Several studies have investigated or reviewed the incidence of other cancers in workers exposed to PCBs, and our literature review found no consistent evidence that occupational exposure to PCBs was related to an increase in mortality from one or more cancers (26, 27).
Non-White race was independently associated with risk of mortality from prostate cancer. Men classified as non-White were more than 3.5 times as likely to die of prostate cancer as Whites. Black race has been documented in previous studies to be strongly associated with prostate cancer incidence and mortality (28, 29). The reasons for the higher incidence of prostate cancer among Black men, when compared with White men, are not known. The more advanced stage of the disease at the time of diagnosis and the less aggressive treatment given to Black patients contribute to the higher mortality rates (30). Black men generally have lower educational attainment, which potentially reduces their awareness of the need for prostate cancer screening and their access to preventive health care (31). Equal medical care for White and Black prostate cancer patients results in equal outcomes for both groups (32).

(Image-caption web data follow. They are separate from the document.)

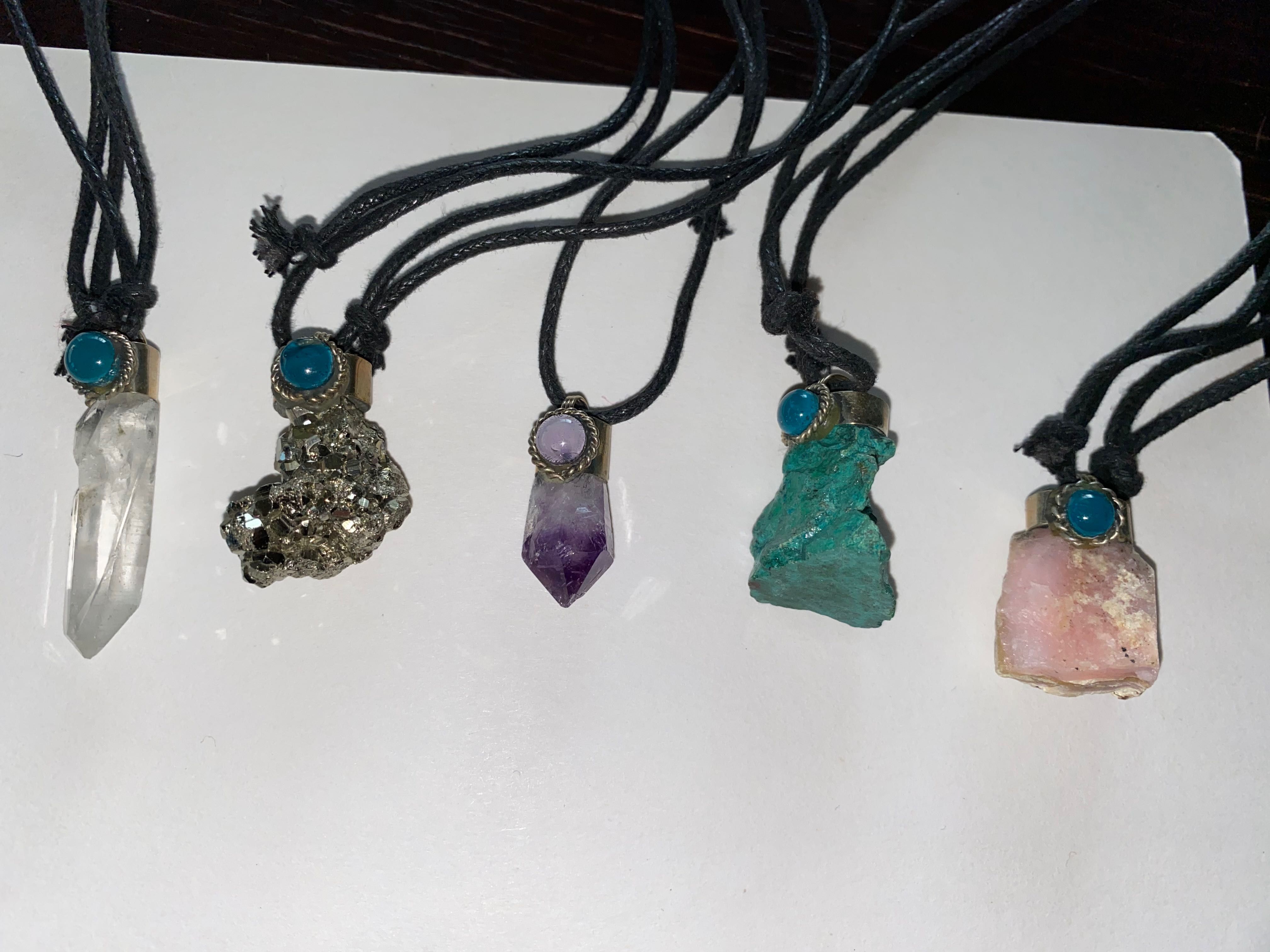 AMULETY Z PERU  zawieszki talizmany ochronne z kamieni naturalnych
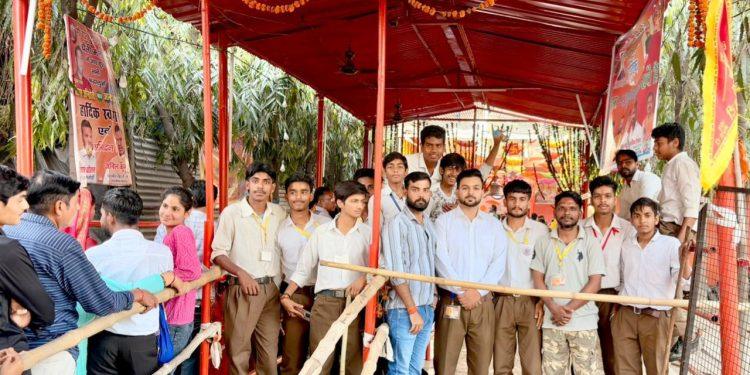 काशीपुर चैती मेले में संघ के स्वयंसेवकों ने मेले की व्यवस्था में अहम भूमिका निभाई !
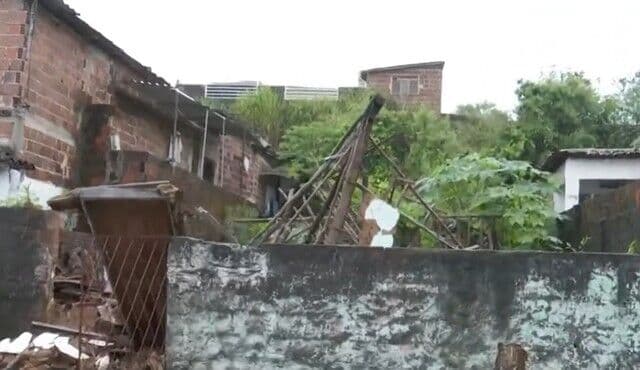 Casa desaba durante fortes chuvas em João Pessoa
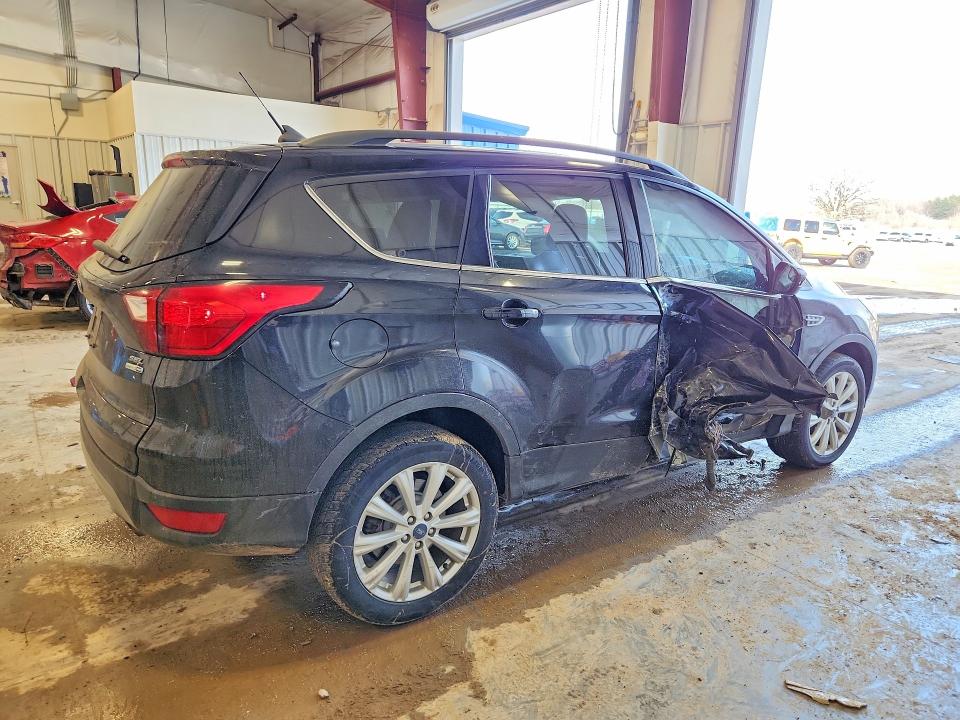 2019 Ford Escape მანქანა იყიდება აუქციონზე, vin: 1FMCU9HD7KUA00212, აუქციონის ნომერი: 46913186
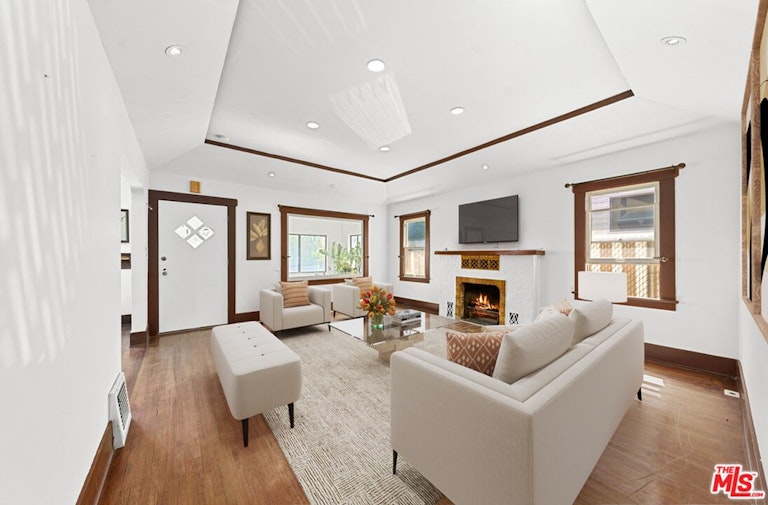 Photo 2 of 41 - 1410 Alhambra Rd, South Pasadena, CA 91030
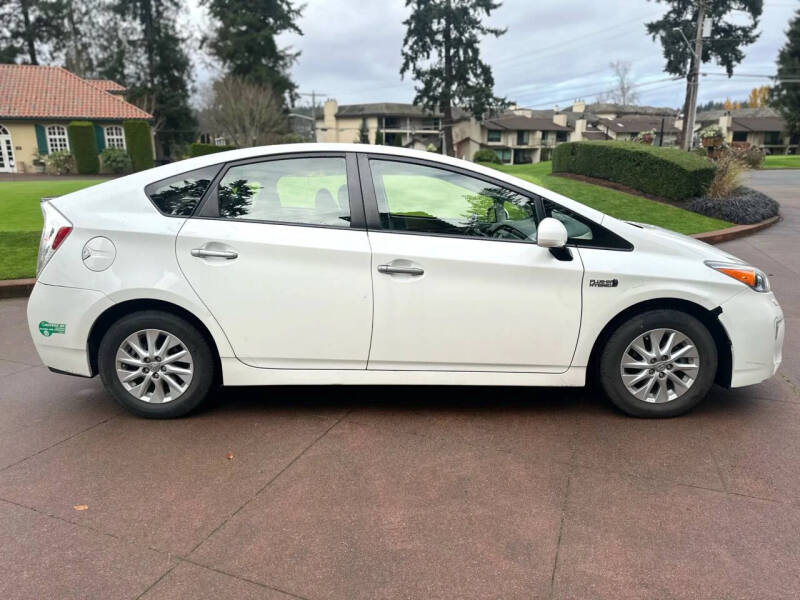 2012 Toyota Prius Plug-in Hybrid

A primary objective of our study was to investigate the joint effect of exposure to EMFs and PCBs on prostate cancer mortality. However, there was no evidence of synergy between the two agents. Persons who were exposed to high levels of both EMFs and PCBs had lower risks of prostate cancer than workers who were exposed to only one of the agents, and the interaction contrast ratio was less than zero, which is consistent with an interpretation that the effect of exposure to EMFs and PCBs in combination is subadditive or even antagonistic (21). Exposure to EMFs has been shown to cause a reduction in the level of 6-hydroxymelatonin sulfate, a metabolite of melatonin (33). It is possible that the pathway of PCBs with regard to prostate cancer is a factor other than the melatonin pathway, namely the estrogenic pathway. Estrogens may lower levels of testosterone by suppressing the release of luteinizing hormone-releasing hormone, a product of the hypothalamus (34, 35). If exposure to EMFs decreases melatonin levels, thereby raising the concentration of testosterone, and PCBs have the opposite effect, then combined exposures would result in an antagonistic effect with regard to prostate cancer mortality. The preceding findings must be treated with caution, however, because the numbers of cases with high exposures to EMFs and PCBs were small (n = 35 and n = 36, respectively) and the odds ratios were imprecise.
Our study had several strengths. They included personal measurements of EMF exposure, the relatively large sample size, the reduced potential for selection bias (since controls and cases were selected from the same occupational cohort), and the inclusion of important confounders in the analysis. Results of a study done to determine the accuracy of cancer mortality data showed that the listing of prostate cancer as the underlying cause of death on death certificates was reliable (36), so bias due to errors in the coding of underlying cause of death is likely to have been small.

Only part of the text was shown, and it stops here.